• Exercise
Take the entries below and print, exactly, the stretch from the line containing "Dóza na potraviny" through the line containing "BRUMA ÓLEO DE", both included.

• Input
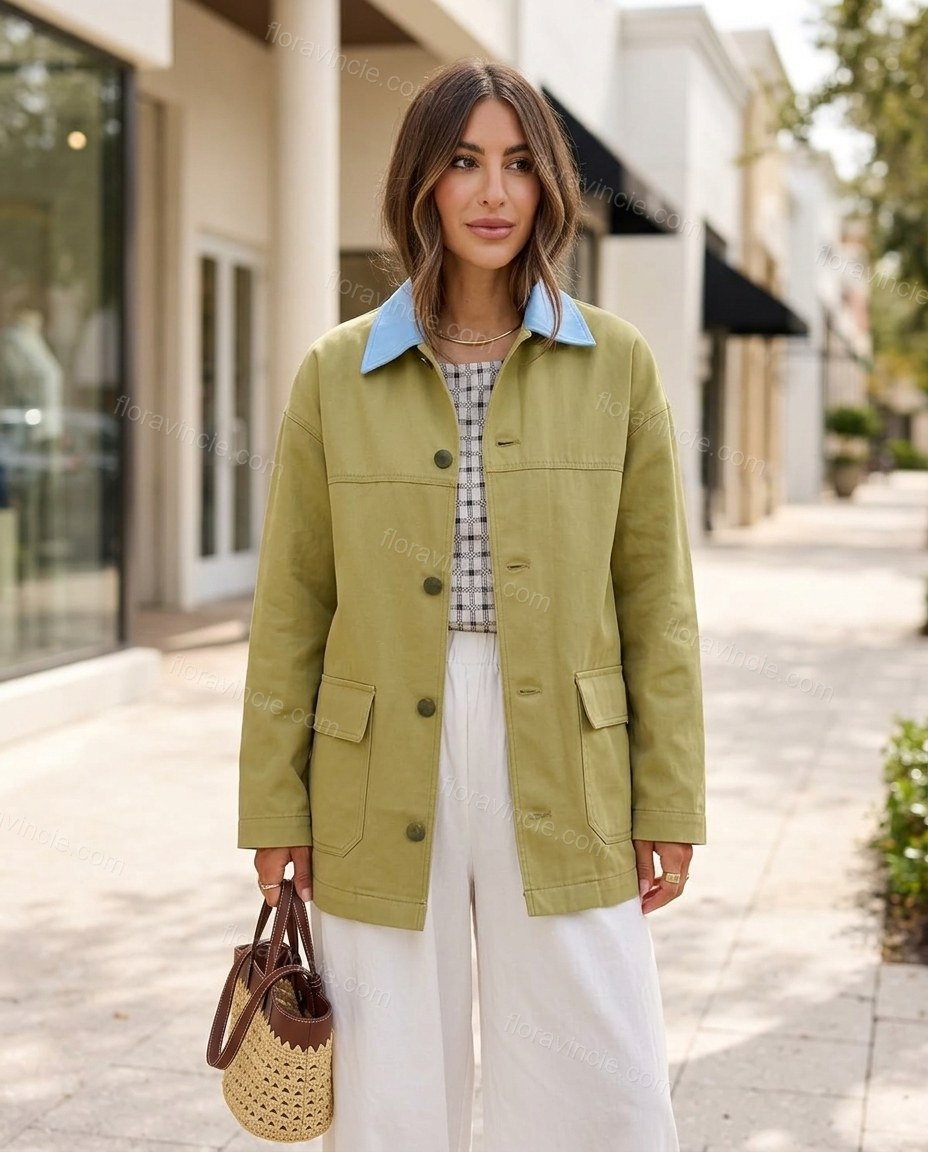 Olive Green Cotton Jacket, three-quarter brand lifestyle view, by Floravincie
...
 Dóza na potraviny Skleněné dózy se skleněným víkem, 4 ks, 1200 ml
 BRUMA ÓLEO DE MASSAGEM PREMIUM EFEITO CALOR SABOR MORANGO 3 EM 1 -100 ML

• Solution to this problem
 Dóza na potraviny Skleněné dózy se skleněným víkem, 4 ks, 1200 ml
 BRUMA ÓLEO DE MASSAGEM PREMIUM EFEITO CALOR SABOR MORANGO 3 EM 1 -100 ML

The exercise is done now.